What to Consider When Networking
Quality Vs. Quantity – The number of people you know does not matter. It is the quality of your contacts that does. Who are the decision makers? Influencers? Who can you help and how?
Slow Down – No one gets married on their first date – business relationships take time too! Get to know people not only from a business perspective but from a personal perspective too.
Go Low Tech – Sometimes a quick phone call can be more efficient that many emails or text messages. Pick up the phone and even find time to meet face-to-face. Email is excellent when sending documents and text for short messages – resist the urge to overuse either one.

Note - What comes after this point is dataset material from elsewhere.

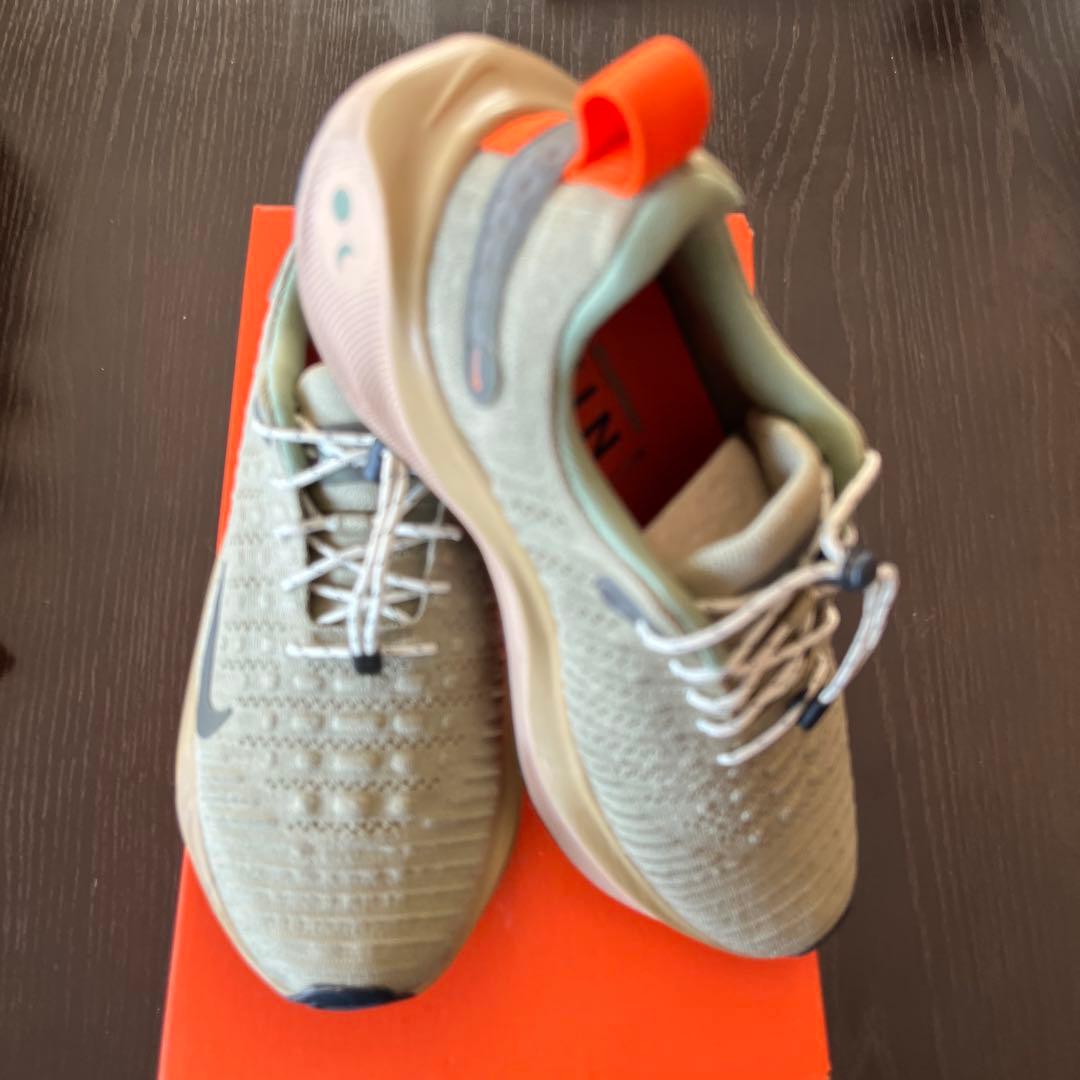 スパイク・シューズ NIKE REACTX INFINITY RUN4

Diversity – The old boy’s network is alive and well – but so are many others. In the financial community, a diversified portfolio is preferable. The same is true with your network.
Introductions Rule! – This is the ultimate in flattery when someone takes time out of their day to try to introduce you. This separates name droppers from the genuine networkers.
Practice 3rd Party Networking - Take the time to introduce two people so they can benefit from meeting each other. You get to re-connect with someone when you need nothing – become a “networking node.”
Zen – Make this the year where you include positive people who add value to you and your network while keeping your distance from those who distract and de-energize you.
Avoid 911 Networking – When the economy tanked suddenly, people discovered “networking.” They called people in a panic asking for referrals or job leads. They called people in panic asking for referrals or job leads. Today, build relationships BEFORE you need them.
Make Random “Hello” Calls – When someone comes up in a conversation or comes to mind, make a random “hello” call. You need not have an agenda or reason, simply share they were in your thoughts and you wanted to connect.
Unlearn Shyness - Research shows we learn shyness. As a child, you wander over to someone at a playground, introduce yourself and play. As we get older, we experience rejection so we learn to “shy” away from being friendly. If shyness is a challenge for you, start a conversation with a stranger in the elevator just before you must get off. Say something quick – “great tie” or “have a nice day.” Too often shyness is misinterpreted as indifference and you don’t want to send that message – think friendly.